A diverse and passionate audience of more than 250 people came together on April 4 to attend a film screening and panel discussion at a time in history when trans and gender-nonconforming communities fight for increased protections and understanding.

Hosted by the Barnard Center for Research on Women, “Our Voices: Trans Stories, Trans Justice, Trans Resiliency,” featured powerful short films documenting the intimate world of how the trans and gender nonconforming people build community, fight back against bias or prejudice, and focus on intersectional work.
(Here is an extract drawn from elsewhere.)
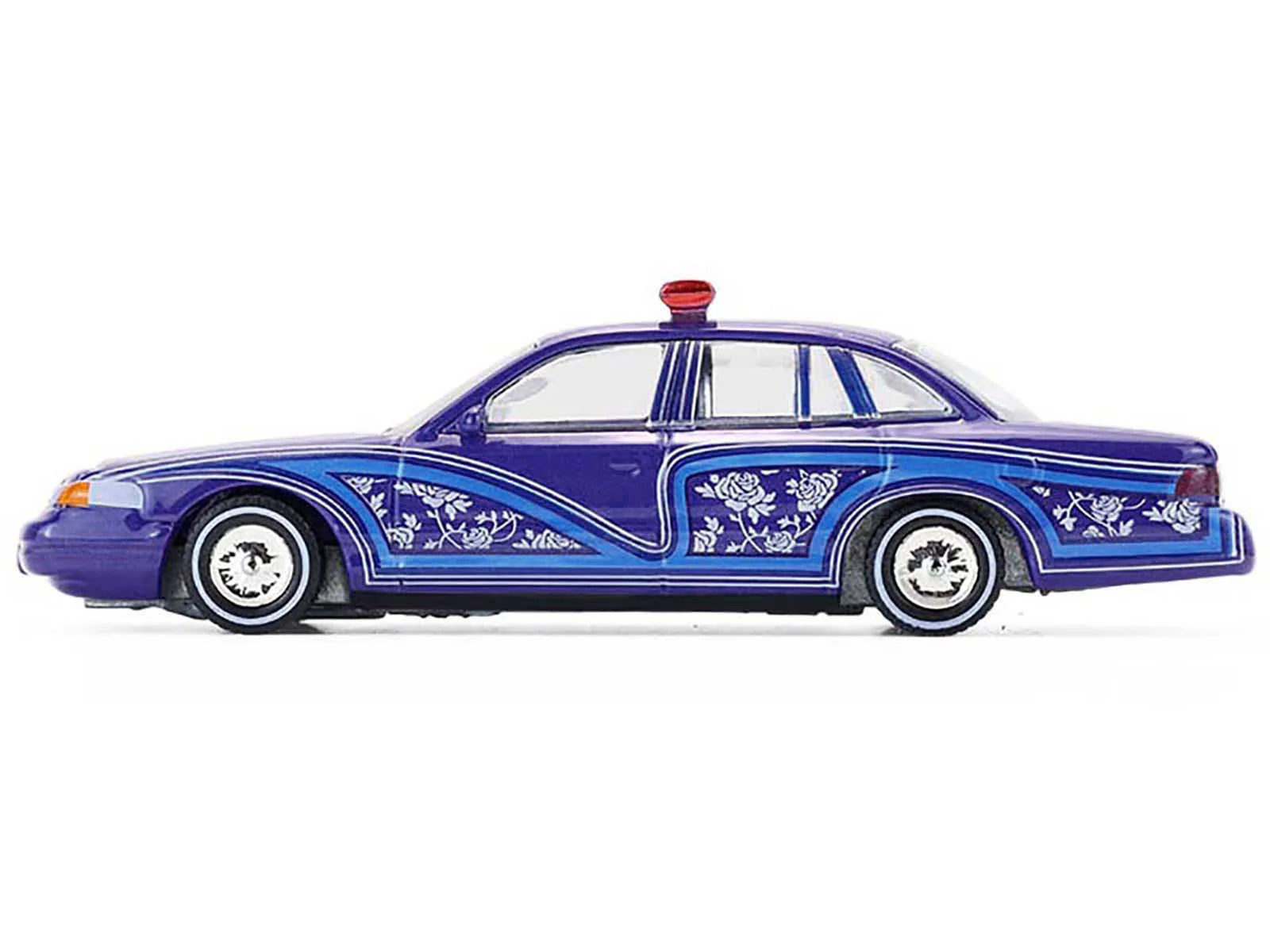 Greenlight California Lowriders 1992 Ford Crown Victoria 1:64 Scale Die Cast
Activists Luce Lincoln, Giselle Bleuz, and Devin Lowe from the Global Action Project, Marin Watts from the Trans Justice Funding Project, and Olympia Perez and Sasha Alexander from Black Trans Media, clarified how race, gender, sexual identity, and class can all play a role in oppression.

Panelists also shared work and personal stories that highlighted trans leadership and the community’s unique approach to organizing as well as pronoun preferences, social inspiration, and mentoring within the trans community.
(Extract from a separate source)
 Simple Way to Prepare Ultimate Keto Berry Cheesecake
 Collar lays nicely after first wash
Alexander from Black Trans Media said, “We are not always received and embraced, so thank you for [welcoming us here tonight].” Alexander, who uses “she,” “he,” and “they” as pronouns, went on to say, “I’ve been inspired by rage and grief lately, and the desire for things to get better.”

To watch an archived video of the event, visit the Barnard Center for Research on Women Facebook page here.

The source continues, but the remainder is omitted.